Sunday, December 12, 2010

Extinction


If you are free this Friday evening (26th November), then come along to an evening of Song, Music and Story at the Cabragh Wetlands Centre, starting at 8.00pm. It is so important to maintain culture and traditions in a convivial atmosphere. You will be most welcome.
 
A few weeks ago we printed a small article focusing on the good news about tiger habitats being preserved in the kingdom of Bhutan, on the southern slopes of the Himalayas. This weekend the Sunday Times brought a dose of reality with the news that the South China tiger is now functionally extinct. Surveys have found no trace of it in the wild and all 100 South China tigers in Chinese zoos have been proven by genetic testing to be cross-breeds. The genetic purity of the South China tiger, believed to be the common ancestor of all other tiger species, has been lost for ever. Within the last 30 or so years, three other species have become extinct – the Balinese, Javan and Caspian tigers have all disappeared. Those that are left (perhaps just 3200 individuals in the wild) are still subject to poaching for their fur and, most worryingly, for other body parts for use in traditional Far Eastern medicines.
 
We can only give our best wishes to the international conferences and organizations that are working heroically to save the remaining tigers. Like every other living species, tigers have taken about 4,000,000,000 (four billion) years to evolve – the same time as you and me. Indeed we are related to them. If you go back enough generations, humans share common ancestors with the tiger, just as surely as about 7,000,000 years ago there were creatures living, some of whose children became humans while others became chimpanzees and others gorillas.
 
Man emerged just 2,500,000 years ago – that is 100,000 generations of identifiable humans (about one generation every 25 years, for argument’s sake).
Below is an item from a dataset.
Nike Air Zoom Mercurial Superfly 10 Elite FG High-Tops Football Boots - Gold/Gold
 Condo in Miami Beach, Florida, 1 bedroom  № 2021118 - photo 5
Why do we believe that the values and lifestyle we have developed within the last mere 15 generations are so important and so right, that it is acceptable to destroy the natural environment that has produced and sustained so many different yet closely connected and interlinked forms of life over so many billions of years?
 
We live in an era of extraordinary technology and wonderful cultural and scientific achievements. Yet for every gain, there are losses. Yes, it is great to combat disease and extend human life, but the consequence is more people, more environmental degradation and more species lost. With each lost species, the fragile web that binds all life is stretched and damaged. The losses cannot be replaced. We need a bit more Socrates – logical questioning and answering to probe far more deeply into the consequences and implications of how we are living. Should our schools teach a bit more about how ideas and values are created and a little less about economic growth and technological wizardry? Should we spend more time thinking about balance and sustainability and a bit less about job creation and economic ‘progress’?